Das Gesamtprojekt ist Ergebnis des Dresdner Metallguss-Symposiums 2001 mit Ines Knackstedt, Arend Zwicker, Christian Korth, Wolfram Höhne, Andreas Paeslack und Jens Herrmann. Schon beim ersten Aufstieg im Ernemannturm der Technischen Sammlungen entstand die Rahmen-Idee. Dann suchten die Akteure nach einer Dresdner Fassung und wurden bei Harald Marx, dem Chef der Galerie Alte Meister, fündig. Marx berichtete von der so genannten „Dresdner Leiste“, nach deren Vorbild Mitte des 18. Jahrhunderts sämtliche Rahmen der Sempergalerie gefertigt wurden. Nach ihnen wurden dann die Teile des Bronzeringes in der Bildgusswerkstatt Gebrüder Ihle in Rabenau gegossen.

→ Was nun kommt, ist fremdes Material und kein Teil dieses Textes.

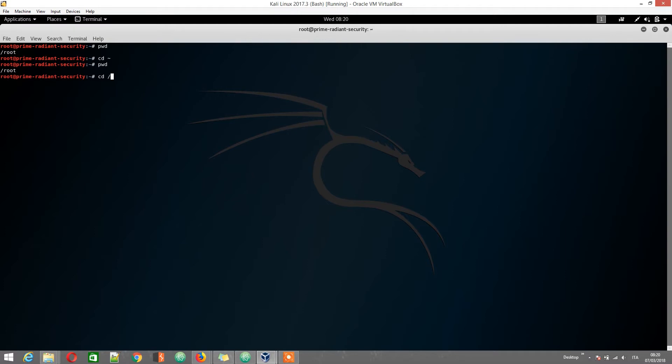We change directories with cd, we get to the home directory with cd tilde, which is slash root in this case. All normal users without root privileges will be located in the dash home directory.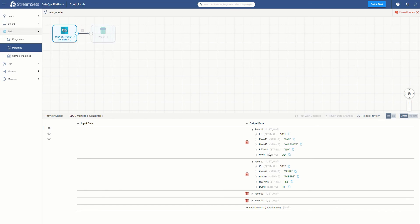There you have it, in just a few steps, you can add a new stage library and a JDBC driver to your data collector engine. Thanks for watching. Now it's your turn to try.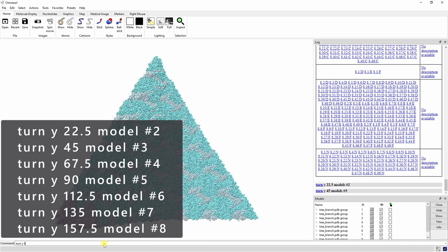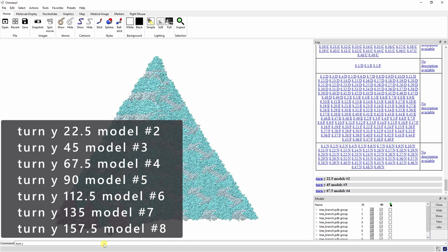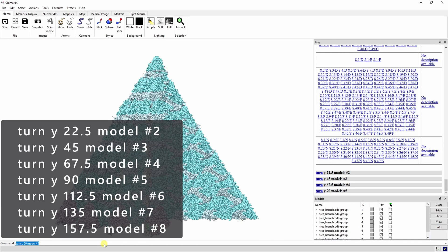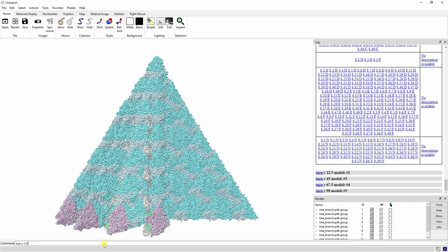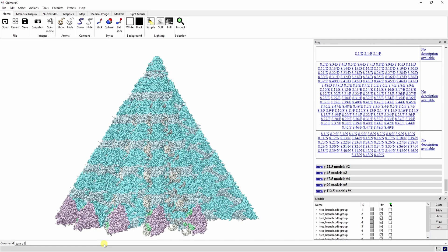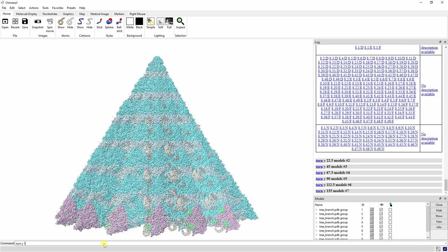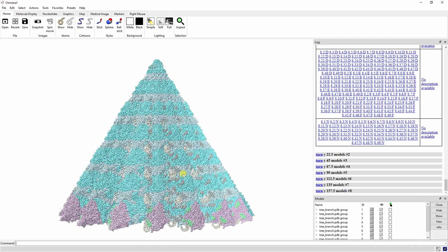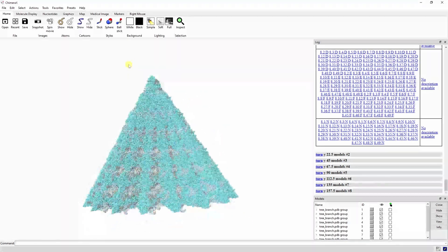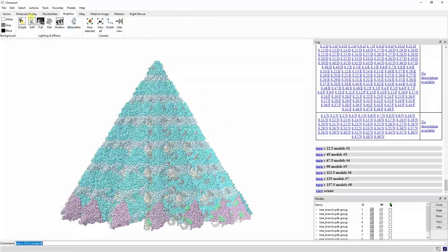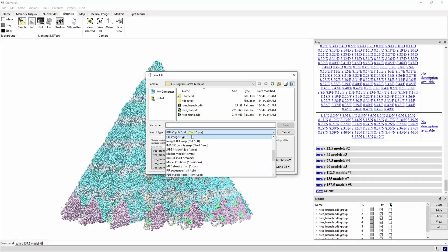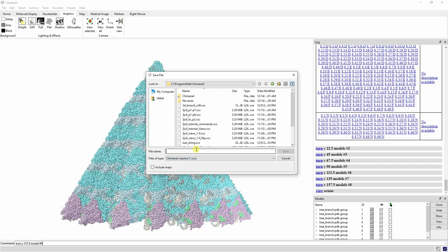We're going to turn these models about the y-axis in increments of 22.5 degrees to make a cone. Once you're finished, you can save this as a session file or a PDB.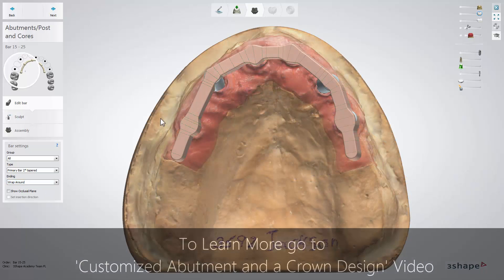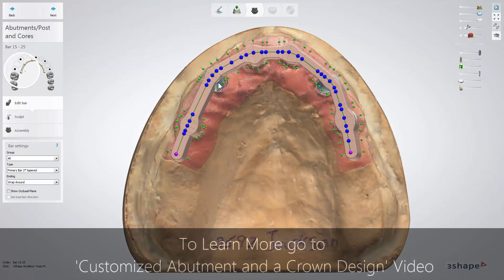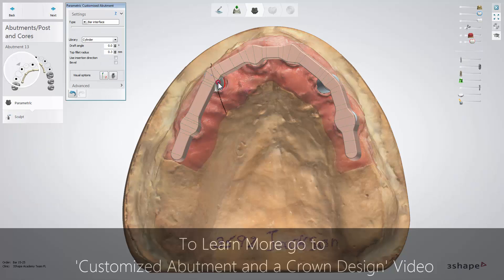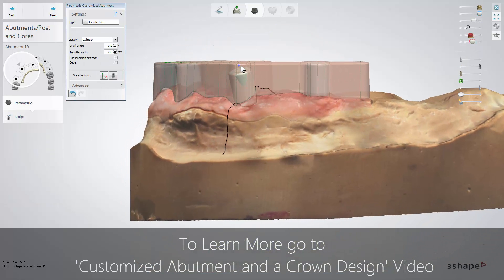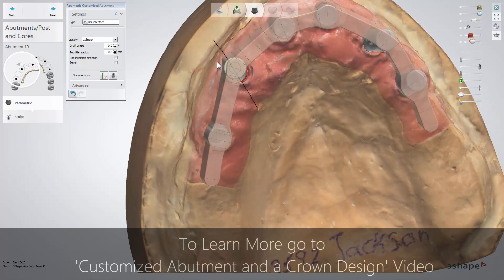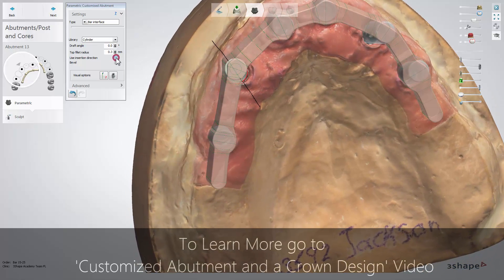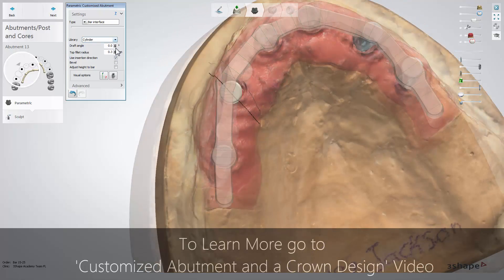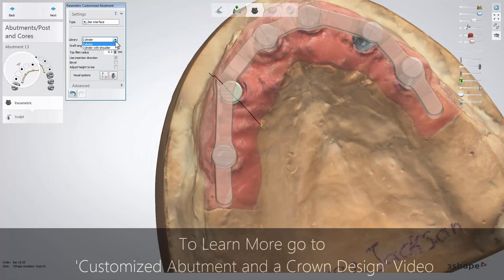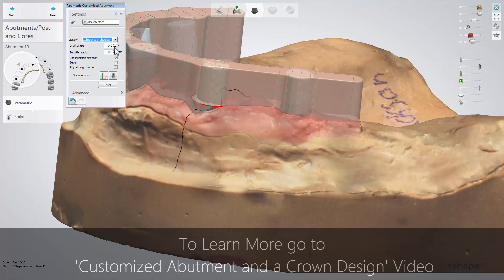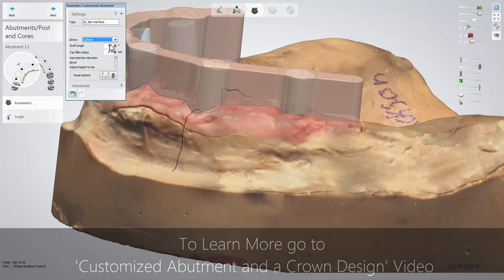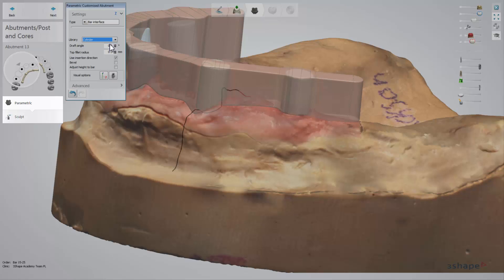When you make bar modifications, the abutment can be modified too. Just click on the abutment to start the modification. You can change the abutment's angulation in accordance with the restoration's insertion direction, as well as the abutment type. All other settings for the implant abutment are also available here, including the sculpt toolkit.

Richtig fertig wird die Rahmung aber erst im Laufe der Zeit. Denn den Bronzeguss sollen – wie bei einer Orientierungstafel auf Aussichtspunkten – noch Namensblättchen zieren. Von A wie Arbeitsamt bis Z wie Zwinger. Von Felix bis Opa. Von meine Schule bis meine Parkbank.
777 Euro kostet eine Gravur. Die ersten Plätze haben sich der Neue Sächsische Kunstverein und die Porzellanklinik bereits reserviert. Die Einnahmen sollen der Rekonstruktion nunmehr gekrönten Ernemannbaus zugute kommen.